» Work to be completed: Repeat the data that follows verbatim. Images are not part of the copy.

(Short descriptive text snippets)
-----

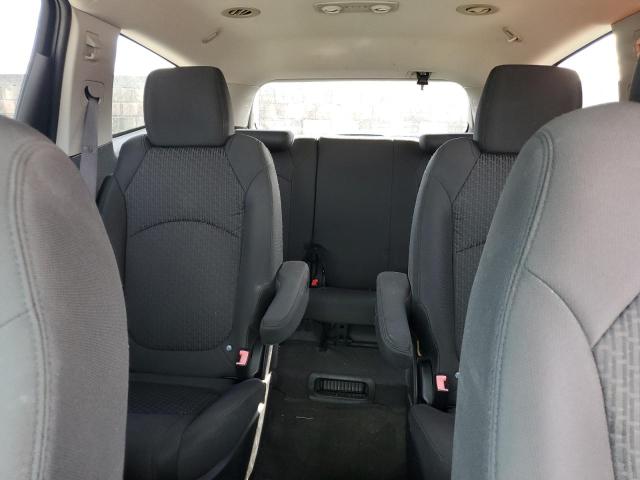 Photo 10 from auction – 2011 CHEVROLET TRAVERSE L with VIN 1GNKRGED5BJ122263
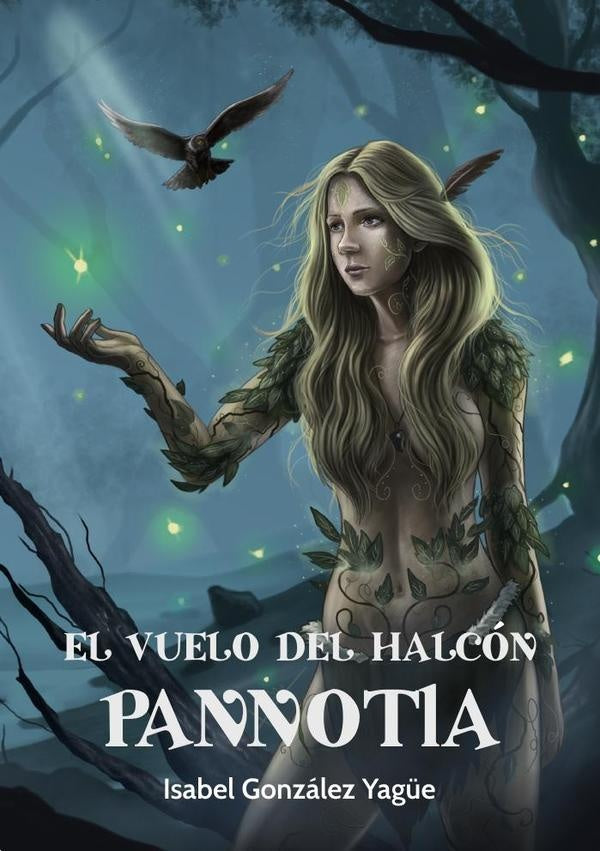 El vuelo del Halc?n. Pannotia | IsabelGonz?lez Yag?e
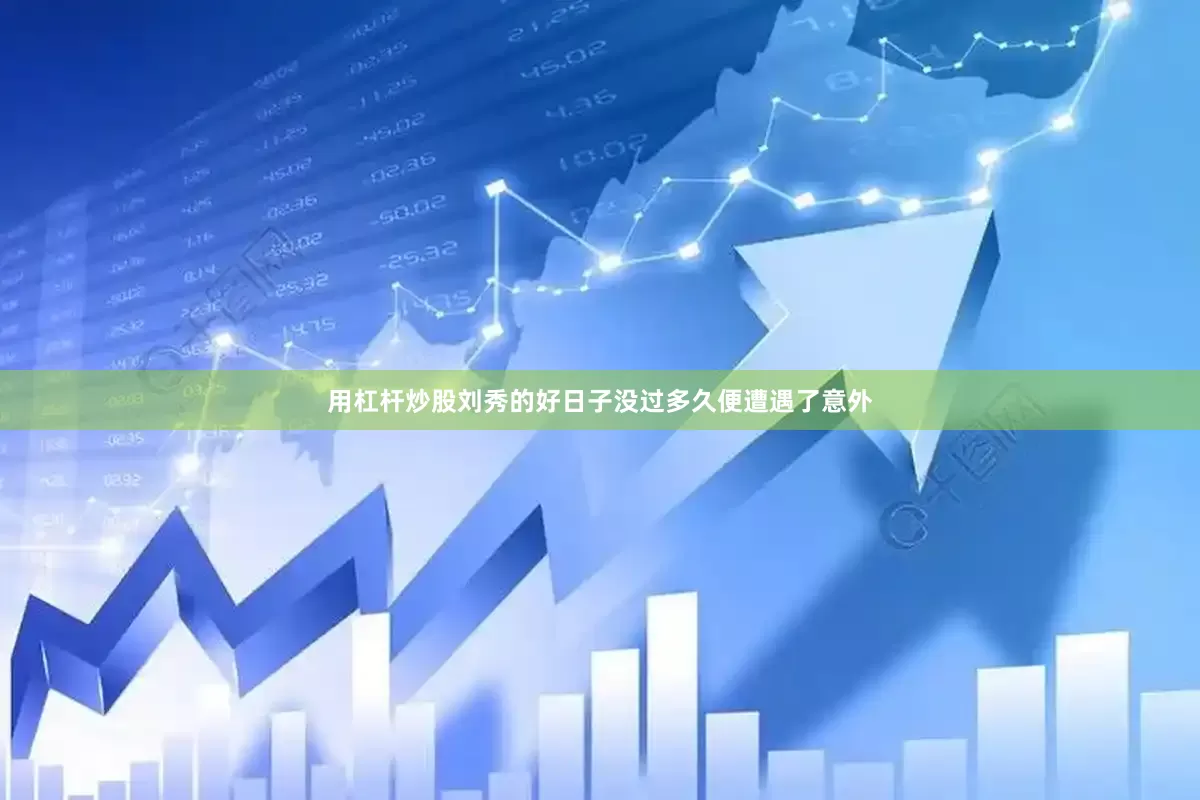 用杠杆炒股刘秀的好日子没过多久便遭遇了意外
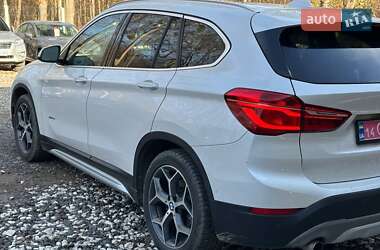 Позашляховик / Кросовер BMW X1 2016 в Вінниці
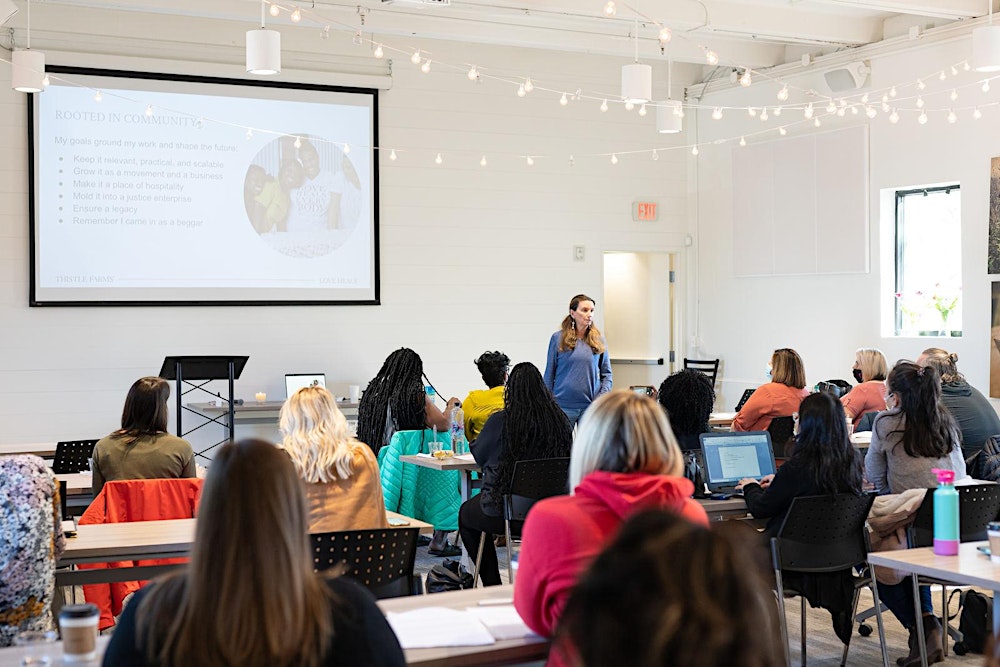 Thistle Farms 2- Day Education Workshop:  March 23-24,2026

-----

» Solution to this problem:
 Photo 10 from auction – 2011 CHEVROLET TRAVERSE L with VIN 1GNKRGED5BJ122263
 El vuelo del Halc?n. Pannotia | IsabelGonz?lez Yag?e
 用杠杆炒股刘秀的好日子没过多久便遭遇了意外
 Позашляховик / Кросовер BMW X1 2016 в Вінниці
 Thistle Farms 2- Day Education Workshop:  March 23-24,2026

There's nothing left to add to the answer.